Children in classroom, hiding under tables
Rosi will never stop fighting!

It is evening when Rosi, 17, arrives at the hospital to visit her father, who suffers from pneumonia. Many of the other patients have severe burns. The war has been going on for four years, and now the bombs fall almost every night.

Suddenly the sirens sound, and Rosi hears the rumble of bombers overhead. A terrible explosion shakes the building, and all the windows shatter. Nurses come running to help the screaming patients out of bed and down into the basement. Rosi and her father are the only ones left. As she shouts for help there is a deafening bang, as the ceiling cracks and caves in. Rosi manages to lift her father out of bed and drag him down the stairs. Through the window, she can see the bombs raining down from the sky. All the fires and explosions are lighting up the sky like daylight.
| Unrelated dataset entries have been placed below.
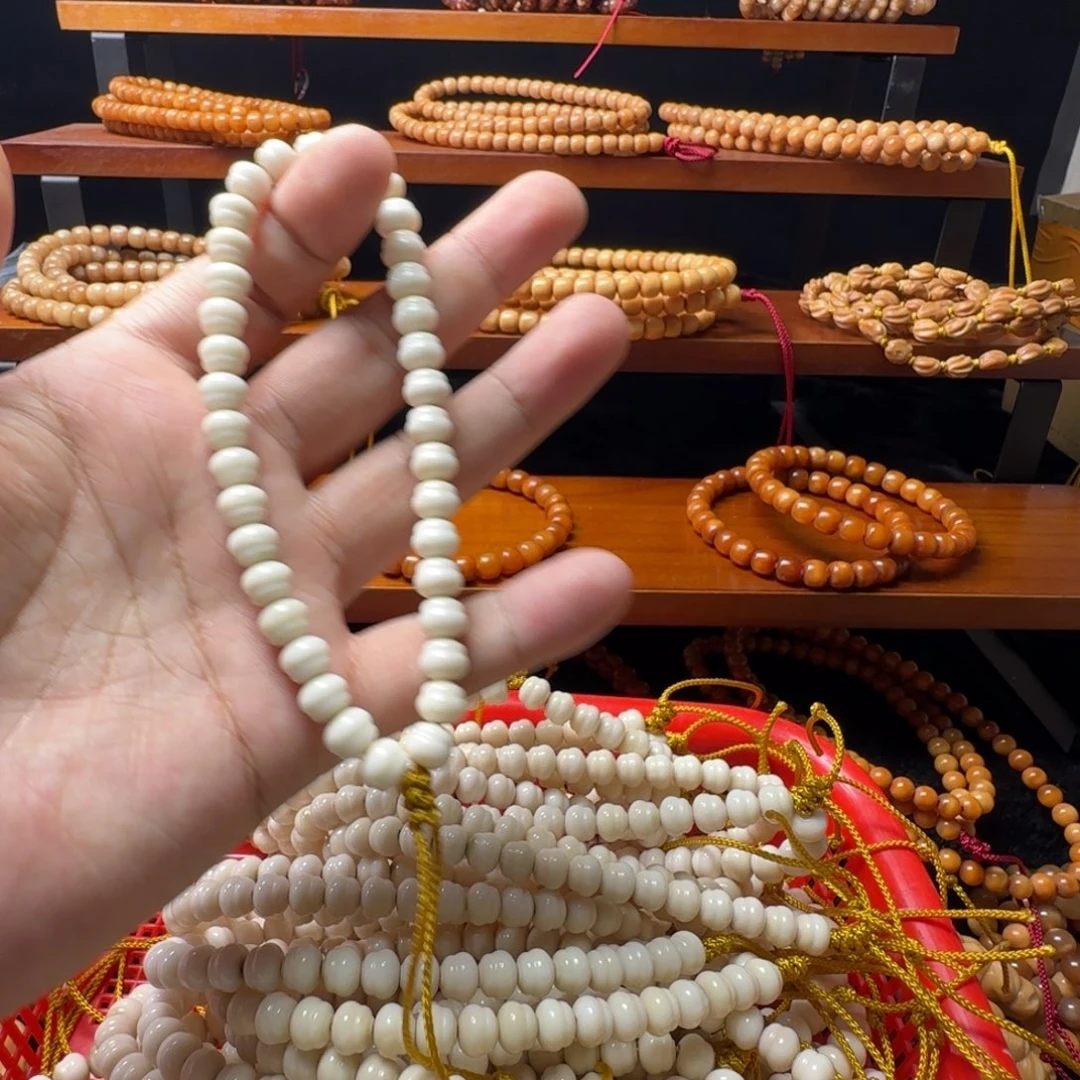 吊坠龙脊菩提小葫芦手持卡8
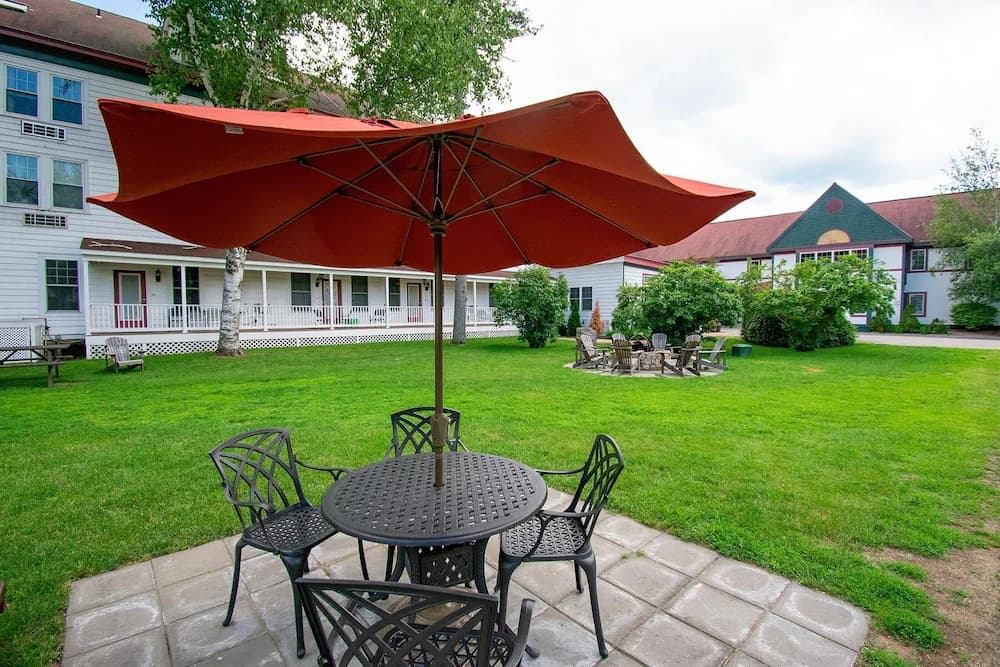 BBQ/picnic area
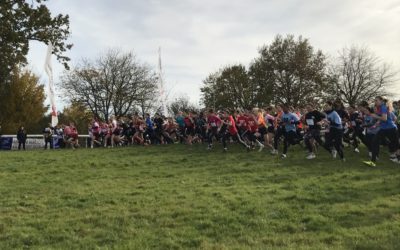 Cross départemental 2019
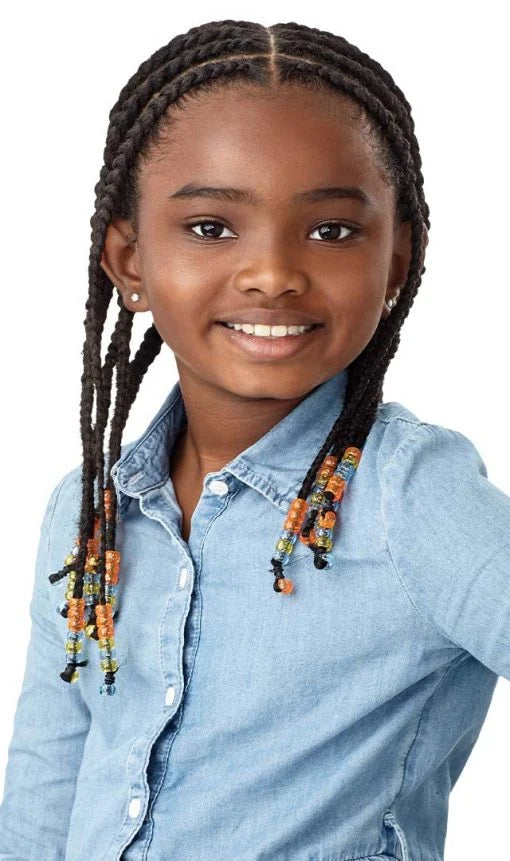 Outre X-Pression Lil Looks Pre-Stretched Braid 32" 3X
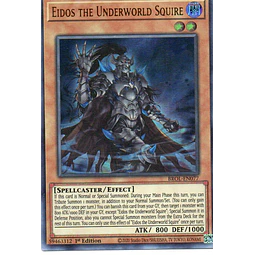 Eidos, the Underworld Squire BROL-EN077 Ultra rare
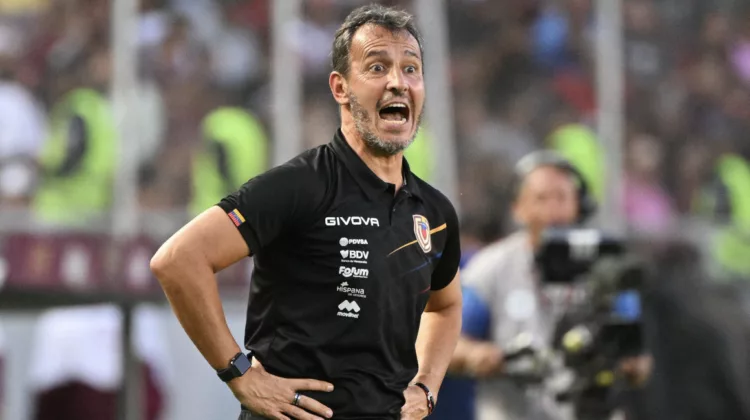 Fernando Bocha Batista convoca a dos jóvenes promesas con la vinotinto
Everyone takes shelter in the basement, but soon the hospital catches fire, so they flee out into the garden. Once outside, all those who can stand up build a human chain to try to put the fire out. For hours, Rosi runs back and forth with buckets of water, and by morning the fire is out. She and her father have survived, but much of the hospital has been destroyed. Later, as Rosi walks through the city towards the small health centre where she works, fires still burn in the streets. Smoke rises from ruined houses, and the streets are littered with burnt bodies that nobody has had a chance to attend to yet.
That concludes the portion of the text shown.